How to complete this task | Using the entries below, output exactly the line containing "192 Bluffington Way, Marietta, GA 30066" and all lines that follow it to the end.

Supplied records |
◆ ◆ ◆ ◆ ◆ ◆ ◆

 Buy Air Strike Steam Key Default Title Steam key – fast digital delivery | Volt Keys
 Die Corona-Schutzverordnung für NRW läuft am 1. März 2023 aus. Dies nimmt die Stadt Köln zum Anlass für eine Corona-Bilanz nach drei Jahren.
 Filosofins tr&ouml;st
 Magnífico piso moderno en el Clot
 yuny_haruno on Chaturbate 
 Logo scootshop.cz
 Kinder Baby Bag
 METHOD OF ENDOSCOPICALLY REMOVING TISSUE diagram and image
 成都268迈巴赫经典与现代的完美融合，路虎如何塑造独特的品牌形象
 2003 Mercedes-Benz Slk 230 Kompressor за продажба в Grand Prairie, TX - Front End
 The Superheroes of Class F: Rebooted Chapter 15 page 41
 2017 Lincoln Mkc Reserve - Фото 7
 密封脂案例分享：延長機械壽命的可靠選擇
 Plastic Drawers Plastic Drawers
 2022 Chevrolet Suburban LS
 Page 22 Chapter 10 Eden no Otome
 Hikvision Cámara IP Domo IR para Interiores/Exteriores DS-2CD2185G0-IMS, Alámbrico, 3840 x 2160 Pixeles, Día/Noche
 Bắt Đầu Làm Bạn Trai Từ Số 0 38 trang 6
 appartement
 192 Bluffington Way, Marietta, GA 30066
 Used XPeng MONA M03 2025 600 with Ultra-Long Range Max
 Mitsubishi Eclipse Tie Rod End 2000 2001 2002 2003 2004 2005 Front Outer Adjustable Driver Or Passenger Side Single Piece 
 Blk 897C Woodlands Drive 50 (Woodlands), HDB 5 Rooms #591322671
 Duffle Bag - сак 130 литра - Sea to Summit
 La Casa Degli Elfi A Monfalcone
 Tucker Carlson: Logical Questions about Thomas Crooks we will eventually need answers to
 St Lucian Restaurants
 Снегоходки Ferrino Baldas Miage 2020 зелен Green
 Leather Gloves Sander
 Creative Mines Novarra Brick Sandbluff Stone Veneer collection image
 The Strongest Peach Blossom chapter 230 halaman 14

◆ ◆ ◆ ◆ ◆ ◆ ◆

Answer to this exercise |
 192 Bluffington Way, Marietta, GA 30066
 Used XPeng MONA M03 2025 600 with Ultra-Long Range Max
 Mitsubishi Eclipse Tie Rod End 2000 2001 2002 2003 2004 2005 Front Outer Adjustable Driver Or Passenger Side Single Piece 
 Blk 897C Woodlands Drive 50 (Woodlands), HDB 5 Rooms #591322671
 Duffle Bag - сак 130 литра - Sea to Summit
 La Casa Degli Elfi A Monfalcone
 Tucker Carlson: Logical Questions about Thomas Crooks we will eventually need answers to
 St Lucian Restaurants
 Снегоходки Ferrino Baldas Miage 2020 зелен Green
 Leather Gloves Sander
 Creative Mines Novarra Brick Sandbluff Stone Veneer collection image
 The Strongest Peach Blossom chapter 230 halaman 14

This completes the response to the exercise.